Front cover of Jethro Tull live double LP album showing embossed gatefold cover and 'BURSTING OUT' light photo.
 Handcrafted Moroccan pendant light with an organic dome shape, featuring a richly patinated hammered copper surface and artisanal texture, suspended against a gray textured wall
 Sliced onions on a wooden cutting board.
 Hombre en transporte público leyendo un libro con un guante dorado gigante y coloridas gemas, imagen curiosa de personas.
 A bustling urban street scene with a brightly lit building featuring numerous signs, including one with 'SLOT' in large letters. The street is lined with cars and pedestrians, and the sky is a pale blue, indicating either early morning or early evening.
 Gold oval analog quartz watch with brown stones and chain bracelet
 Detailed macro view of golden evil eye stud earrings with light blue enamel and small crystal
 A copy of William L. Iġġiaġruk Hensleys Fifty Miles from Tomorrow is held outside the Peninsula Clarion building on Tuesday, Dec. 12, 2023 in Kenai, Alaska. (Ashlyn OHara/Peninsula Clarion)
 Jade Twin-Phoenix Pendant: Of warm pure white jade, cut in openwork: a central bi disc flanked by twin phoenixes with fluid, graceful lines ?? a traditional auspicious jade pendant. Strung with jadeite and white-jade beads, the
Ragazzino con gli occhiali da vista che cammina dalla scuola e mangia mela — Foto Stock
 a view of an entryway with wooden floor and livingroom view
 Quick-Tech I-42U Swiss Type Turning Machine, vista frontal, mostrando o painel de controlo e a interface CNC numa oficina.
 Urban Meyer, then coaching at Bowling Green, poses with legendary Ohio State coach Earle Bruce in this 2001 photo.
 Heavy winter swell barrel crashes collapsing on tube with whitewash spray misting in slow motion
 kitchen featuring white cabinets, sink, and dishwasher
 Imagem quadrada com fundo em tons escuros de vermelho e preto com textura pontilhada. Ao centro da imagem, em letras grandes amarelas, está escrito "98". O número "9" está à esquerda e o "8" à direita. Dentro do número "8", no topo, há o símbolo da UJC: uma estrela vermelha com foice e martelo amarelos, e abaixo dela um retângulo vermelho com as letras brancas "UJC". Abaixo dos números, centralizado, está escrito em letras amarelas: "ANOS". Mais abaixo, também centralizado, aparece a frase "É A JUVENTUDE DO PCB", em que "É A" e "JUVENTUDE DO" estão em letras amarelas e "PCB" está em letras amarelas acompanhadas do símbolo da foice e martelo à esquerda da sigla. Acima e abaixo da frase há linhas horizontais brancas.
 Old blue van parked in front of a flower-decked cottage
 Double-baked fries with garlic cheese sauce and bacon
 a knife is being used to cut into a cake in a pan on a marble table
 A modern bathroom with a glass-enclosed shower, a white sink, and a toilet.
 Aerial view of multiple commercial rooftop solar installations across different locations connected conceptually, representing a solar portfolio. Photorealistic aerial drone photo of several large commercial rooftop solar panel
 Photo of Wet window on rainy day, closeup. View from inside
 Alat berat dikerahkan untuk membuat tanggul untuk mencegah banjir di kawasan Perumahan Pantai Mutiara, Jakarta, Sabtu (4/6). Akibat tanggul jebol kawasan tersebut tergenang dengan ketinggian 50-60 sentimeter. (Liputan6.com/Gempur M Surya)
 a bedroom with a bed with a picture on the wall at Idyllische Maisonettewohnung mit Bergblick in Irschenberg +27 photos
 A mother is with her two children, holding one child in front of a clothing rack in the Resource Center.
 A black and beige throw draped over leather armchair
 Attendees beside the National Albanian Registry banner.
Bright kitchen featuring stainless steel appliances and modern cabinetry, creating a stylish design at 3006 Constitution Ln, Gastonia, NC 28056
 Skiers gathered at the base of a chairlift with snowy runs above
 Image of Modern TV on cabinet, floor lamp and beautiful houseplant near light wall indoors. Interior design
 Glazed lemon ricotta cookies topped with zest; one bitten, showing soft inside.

**WORK TO COMPLETE**
Print the material once more, keeping every word as it is.

**RESPONSE FOR THIS EXERCISE**
Front cover of Jethro Tull live double LP album showing embossed gatefold cover and 'BURSTING OUT' light photo.
 Handcrafted Moroccan pendant light with an organic dome shape, featuring a richly patinated hammered copper surface and artisanal texture, suspended against a gray textured wall
 Sliced onions on a wooden cutting board.
 Hombre en transporte público leyendo un libro con un guante dorado gigante y coloridas gemas, imagen curiosa de personas.
 A bustling urban street scene with a brightly lit building featuring numerous signs, including one with 'SLOT' in large letters. The street is lined with cars and pedestrians, and the sky is a pale blue, indicating either early morning or early evening.
 Gold oval analog quartz watch with brown stones and chain bracelet
 Detailed macro view of golden evil eye stud earrings with light blue enamel and small crystal
 A copy of William L. Iġġiaġruk Hensleys Fifty Miles from Tomorrow is held outside the Peninsula Clarion building on Tuesday, Dec. 12, 2023 in Kenai, Alaska. (Ashlyn OHara/Peninsula Clarion)
 Jade Twin-Phoenix Pendant: Of warm pure white jade, cut in openwork: a central bi disc flanked by twin phoenixes with fluid, graceful lines ?? a traditional auspicious jade pendant. Strung with jadeite and white-jade beads, the
Ragazzino con gli occhiali da vista che cammina dalla scuola e mangia mela — Foto Stock
 a view of an entryway with wooden floor and livingroom view
 Quick-Tech I-42U Swiss Type Turning Machine, vista frontal, mostrando o painel de controlo e a interface CNC numa oficina.
 Urban Meyer, then coaching at Bowling Green, poses with legendary Ohio State coach Earle Bruce in this 2001 photo.
 Heavy winter swell barrel crashes collapsing on tube with whitewash spray misting in slow motion
 kitchen featuring white cabinets, sink, and dishwasher
 Imagem quadrada com fundo em tons escuros de vermelho e preto com textura pontilhada. Ao centro da imagem, em letras grandes amarelas, está escrito "98". O número "9" está à esquerda e o "8" à direita. Dentro do número "8", no topo, há o símbolo da UJC: uma estrela vermelha com foice e martelo amarelos, e abaixo dela um retângulo vermelho com as letras brancas "UJC". Abaixo dos números, centralizado, está escrito em letras amarelas: "ANOS". Mais abaixo, também centralizado, aparece a frase "É A JUVENTUDE DO PCB", em que "É A" e "JUVENTUDE DO" estão em letras amarelas e "PCB" está em letras amarelas acompanhadas do símbolo da foice e martelo à esquerda da sigla. Acima e abaixo da frase há linhas horizontais brancas.
 Old blue van parked in front of a flower-decked cottage
 Double-baked fries with garlic cheese sauce and bacon
 a knife is being used to cut into a cake in a pan on a marble table
 A modern bathroom with a glass-enclosed shower, a white sink, and a toilet.
 Aerial view of multiple commercial rooftop solar installations across different locations connected conceptually, representing a solar portfolio. Photorealistic aerial drone photo of several large commercial rooftop solar panel
 Photo of Wet window on rainy day, closeup. View from inside
 Alat berat dikerahkan untuk membuat tanggul untuk mencegah banjir di kawasan Perumahan Pantai Mutiara, Jakarta, Sabtu (4/6). Akibat tanggul jebol kawasan tersebut tergenang dengan ketinggian 50-60 sentimeter. (Liputan6.com/Gempur M Surya)
 a bedroom with a bed with a picture on the wall at Idyllische Maisonettewohnung mit Bergblick in Irschenberg +27 photos
 A mother is with her two children, holding one child in front of a clothing rack in the Resource Center.
 A black and beige throw draped over leather armchair
 Attendees beside the National Albanian Registry banner.
Bright kitchen featuring stainless steel appliances and modern cabinetry, creating a stylish design at 3006 Constitution Ln, Gastonia, NC 28056
 Skiers gathered at the base of a chairlift with snowy runs above
 Image of Modern TV on cabinet, floor lamp and beautiful houseplant near light wall indoors. Interior design
 Glazed lemon ricotta cookies topped with zest; one bitten, showing soft inside.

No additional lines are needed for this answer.